Thursday, November 10, 2005

Contra Babinski

ED: I KNOW that both Christians and atheists have been unable to convince each other of the validity of each of their PHILOSOPHICAL proofs that they have sought to prove to one another. (Which is not to deny that occasionaly someone switches sides, most notably, Antony Flew, though Flew admitted to Richard Carrier that he had not been able to keep up with the debate or the literature concerning the topic of a fine-tuned cosmos. Flew is what, in his 80s? If Flew's change of mind provides substantiation it may be for my own view, namely that philosophy doesn't have the kind of proofs, in his case proof of negative atheism, that he formerly thought it did.)

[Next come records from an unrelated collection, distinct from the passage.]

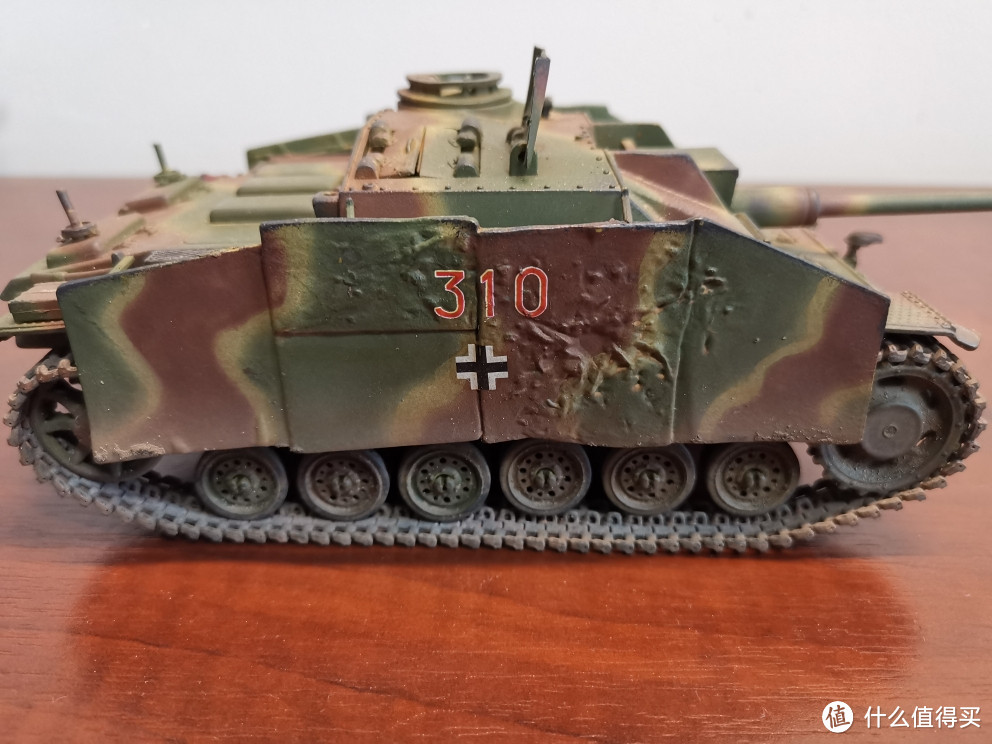 FOV 1:32 StuG III Ausf.G 三号突击炮G型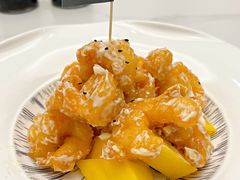 -园里前·私厨·福建菜(台江万达店)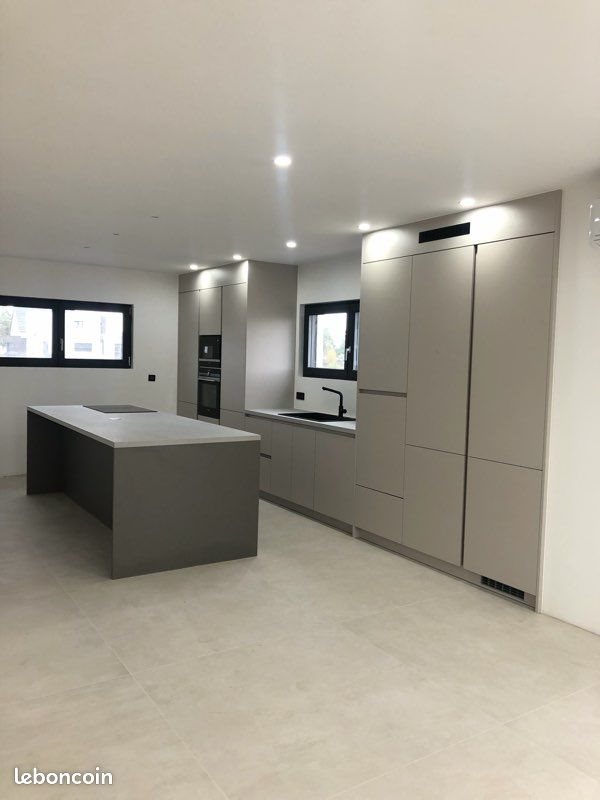 Maison à vendre, 148m², Sausheim
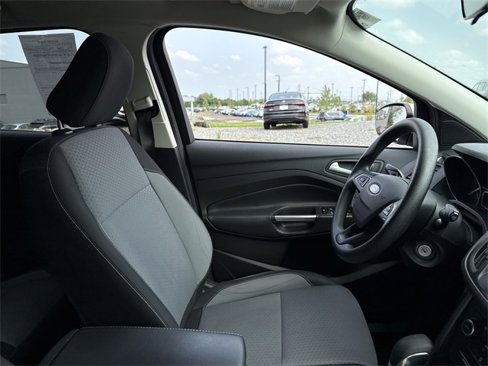 Used 2018 Ford Escape SE w/ SE Sync 3 Package image 12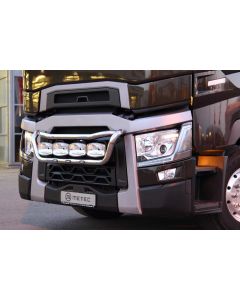 Valoteline Tailor (LED), Renault T-Series 2014+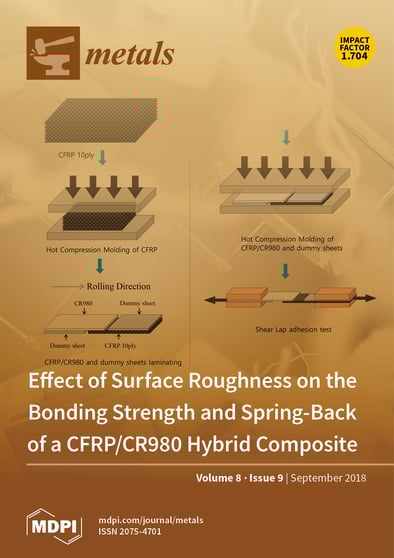 Journal Issue Cover Image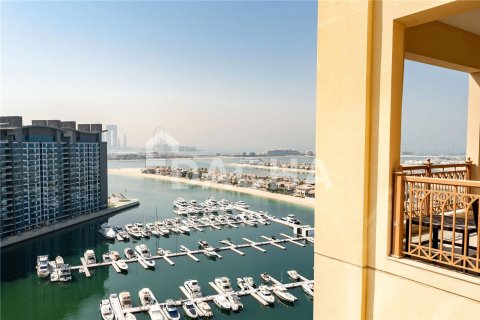 Apartament na sprzedaż w Palm Jumeirah, Dubai, ZEA 4 sypialnie, 953 mkw., nr 706792 - zdjęcie 11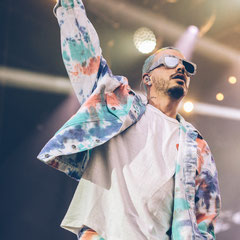 JBALVIN
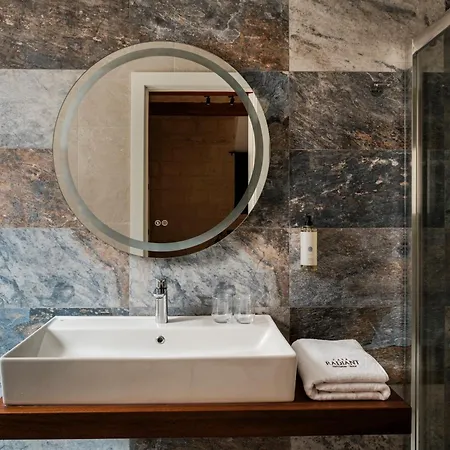 Casa Radiant Hotel Rabat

VR: I've made very clear what I think "proofs" can do, and what they can't. My argument is that that the presence of mind makes sense if we assume that reason is in some sense fundamental to the univese, but it does not make sense as an evolutionary by-product. Naturalistic analyses of mind make conceptual "slides" which allow them to analyze mind in terms of non-mental matter. I have repeatedly made very clear claims about the scope and limits of philosophical arguments. I even devoted an entire chapter of my book to it. Do you balieve that there can be evidence or reason to be, or not be a theist? If so, you believe in the sorts of "proofs" that I am talking about. If not, why should there even be any discussion on this subject at all?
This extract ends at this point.